There was one woman on the list who was particularly difficult. I'll call her Za. She was vociferous, a wannabe anarchist, someone who hit the 'send' button every time a feeling made its way across one of her synapses. Za's way of coping with life was to say whatever came to mind, especially if it was outrageous and convoluted. It's probably unnecessary to add that she felt no compulsion to consider how she said things; she was provoking in the extreme. Otherwise sensible people jumped in to argue against her, until eventually someone untangled the mess and peace was restored.
It took me a while to realize that Za had fine-tuned a method of getting other people to do her thinking for her. But at what a cost! It appalled me that Za was willing to incense others rather than spend a while thinking through her feelings herself. Fortunately (for us, at least), Za ended up putting her kids in school, and she disappeared from our email list.

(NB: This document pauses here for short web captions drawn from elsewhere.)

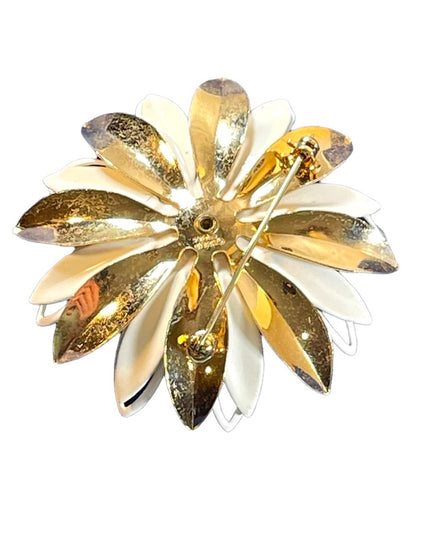 Vintage 1970s Sarah Coventry gold and white enamel large metal flower  brooch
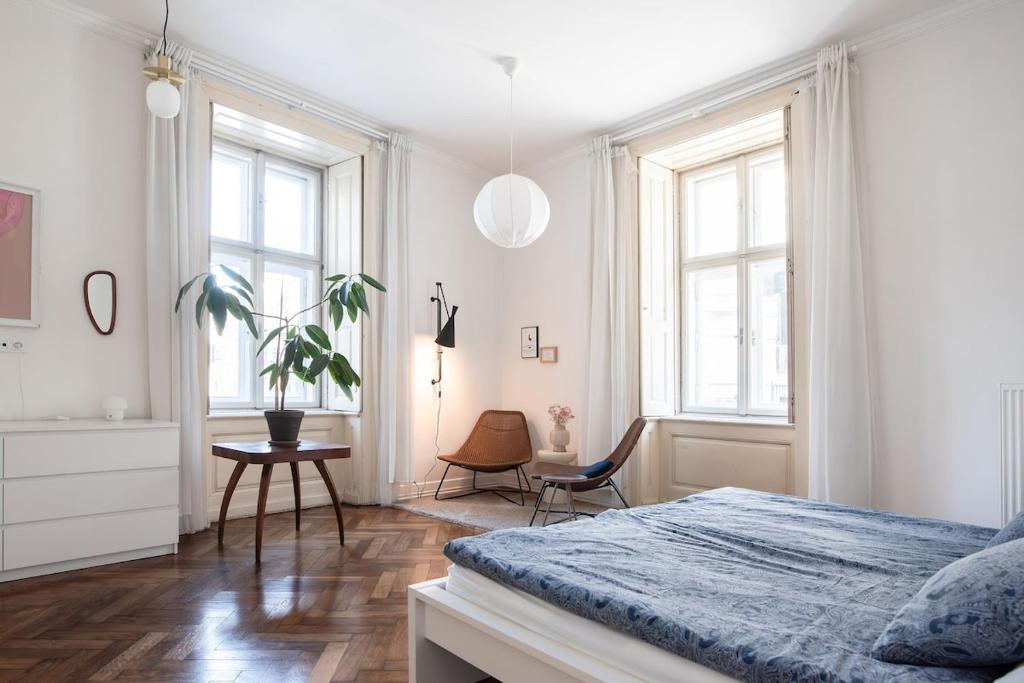 Posteľ alebo postele v izbe v ubytovaní Renovated historical apartment in the center of Brno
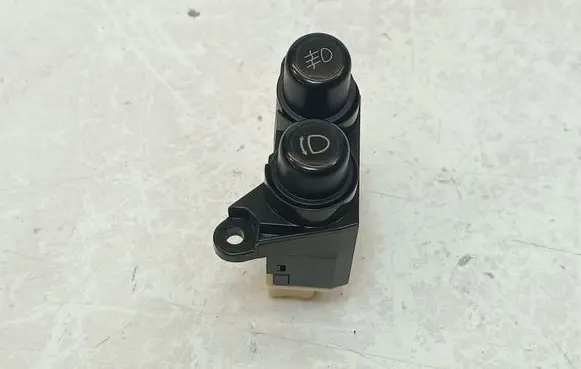 Mitsubishi 3000 GT Fog light switch T6162L21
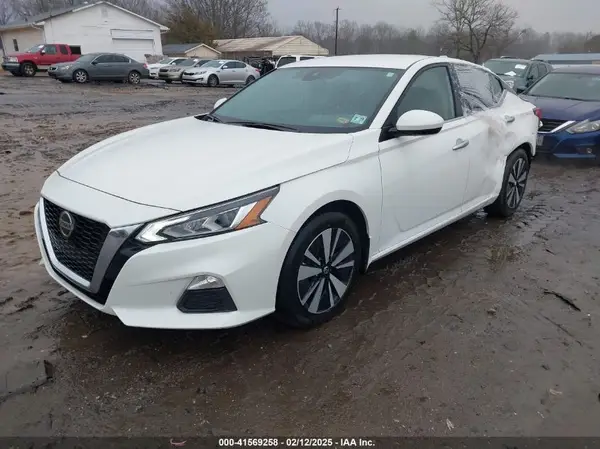 1N4BL4DV6NN329735 2022 NISSAN ALTIMA - Image 2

I hadn't thought about Za in years until this morning, as I was editing an article that clearly hadn't been thought through. Did the writer mean this, or that? Was he leading toward point A or point B? Was there a point? And if there was, why was I the one who had to find it? I abandoned the effort to fix things, and wrote an email to the writer asking for clarification, instead.
Clarity is good. I like clarity. There are times in life when the fog rolls in, and there's not much we can do about it. It's far more common, though, for us to live in a fog of our own creation. We don't always take the time to figure out what we're feeling, or why. Just a tiny bit of introspection goes a long way toward making the world a better place. As I say to my kids, think through it before you do it. It helps.